When prospects ask you the question: "What's your price?" the worst decision you can possibly make is to answer that question before you have added value.

When prospects prematurely ask me my price, I do everything in my power to dodge the question and begin asking questions of my own that I've designed to raise the odds that the price I eventually do quote will go uncontested. Here are a few examples:

  • "Before we get into pricing, please tell me a little bit about your business."
  • "What techniques do you use to attract new customers?"
  • "What obstacles do your company's salespeople face that prevents them from achieving their full potential?"
  • "What do your prospects tell you is the number one reason they buy material from one of your competitors instead of you?
  • "Would you please tell me the biggest challenges you believe your salespeople are currently facing."

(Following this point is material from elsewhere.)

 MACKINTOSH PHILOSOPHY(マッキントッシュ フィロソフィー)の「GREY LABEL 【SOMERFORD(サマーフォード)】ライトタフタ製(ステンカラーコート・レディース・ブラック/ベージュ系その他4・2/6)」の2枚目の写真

Why am I asking these type questions? Because my goal is not to quote the prospect, it is to earn the right to quote by differentiating myself from the other salespeople who are soliciting his business. My goal is to find out what I can do to help this customer or prospect. The primary way I earn a prospect's business is to first do something for my prospect that he can't do for himself.
Most salespeople answer the price question the prospect asks and they answer it prematurely. When they do so, they have given the prospect an open invitation to tell them that their price is too high.

The salespeople themselves must be skilled at asking good open-ended questions and delivering the resources that the builder customer needs to win the battle for business in his respective market.